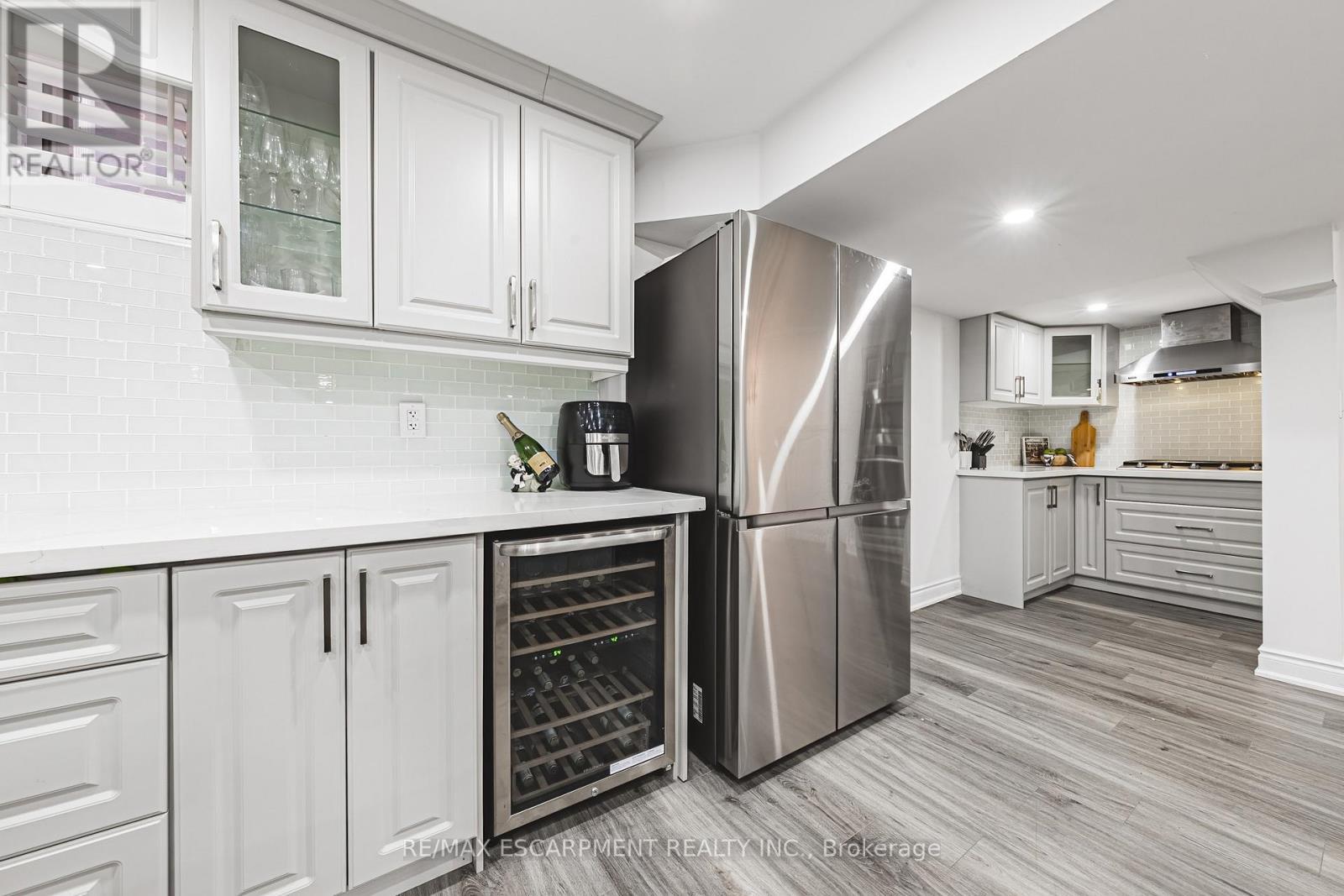 60 Golden Hawk Drive, Hamilton, ON - Indoor Photo Showing Kitchen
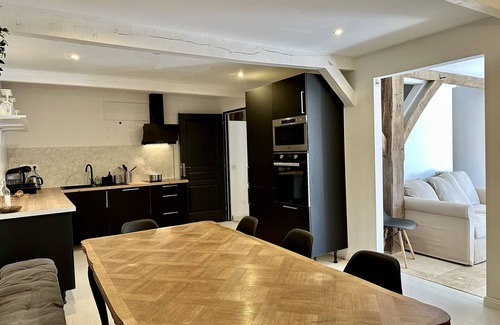 Coly Villa | Villa Lucéo 8 pers. Private swimming pool Dordogne near Sarlat.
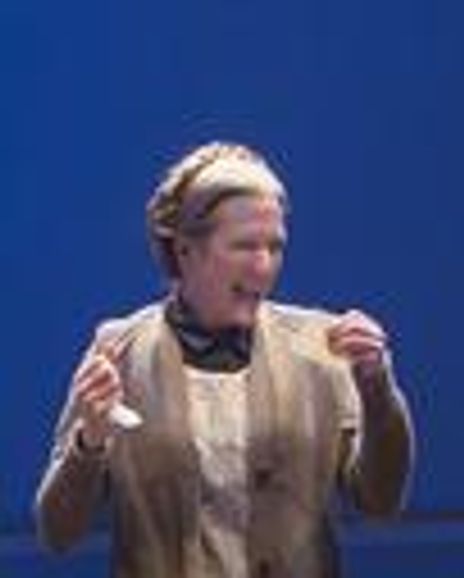 Henny Russel Headshot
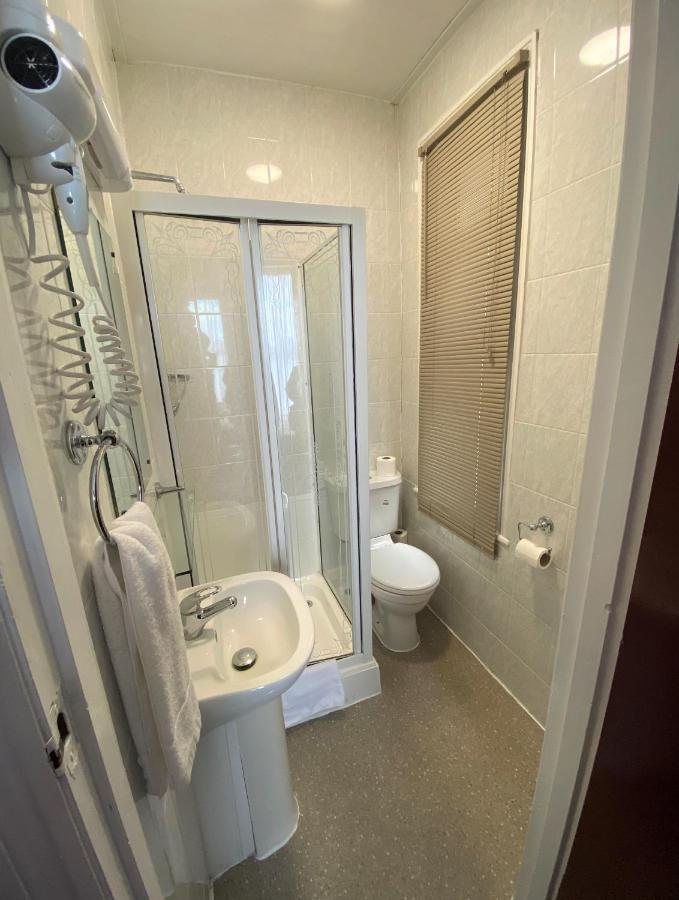 Lampton Guest House Hounslow Exteriér fotografie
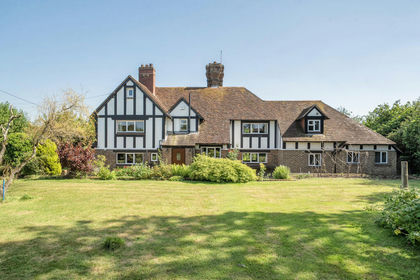 1.5 acres of House with Land for sale in Chailey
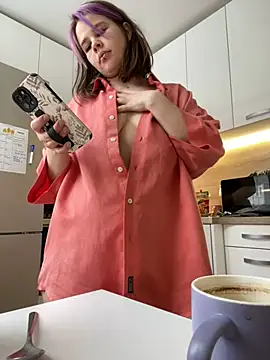 Snapshot of SuzieMurray chatting on 02-13-25, 11:17 SuzieMurray online show from 02-13-25, 11:17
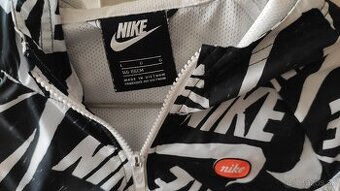 Bundička NIKE - 1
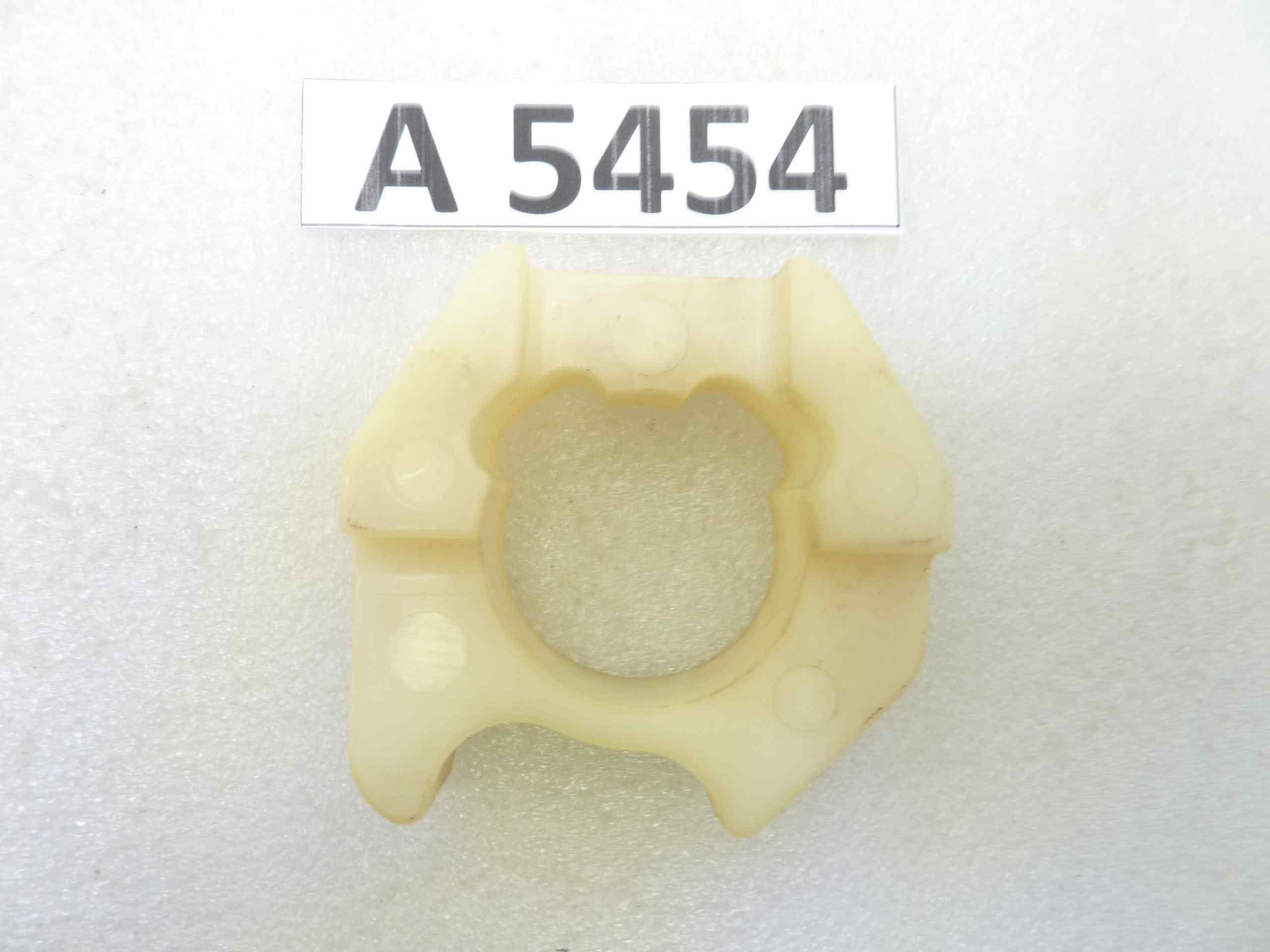 Protezione Forcellone Yamaha XT 550 82-83 5Y12215109 nuovo fondo di magazzino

= = =

## EXERCISE GOAL
Write out, word for word, the lines from the start of the data through the one holding "1.5 acres of". Omit pictures.

## REPLY TO THE TASK
 60 Golden Hawk Drive, Hamilton, ON - Indoor Photo Showing Kitchen
 Coly Villa | Villa Lucéo 8 pers. Private swimming pool Dordogne near Sarlat.
 Henny Russel Headshot
 Lampton Guest House Hounslow Exteriér fotografie
 1.5 acres of House with Land for sale in Chailey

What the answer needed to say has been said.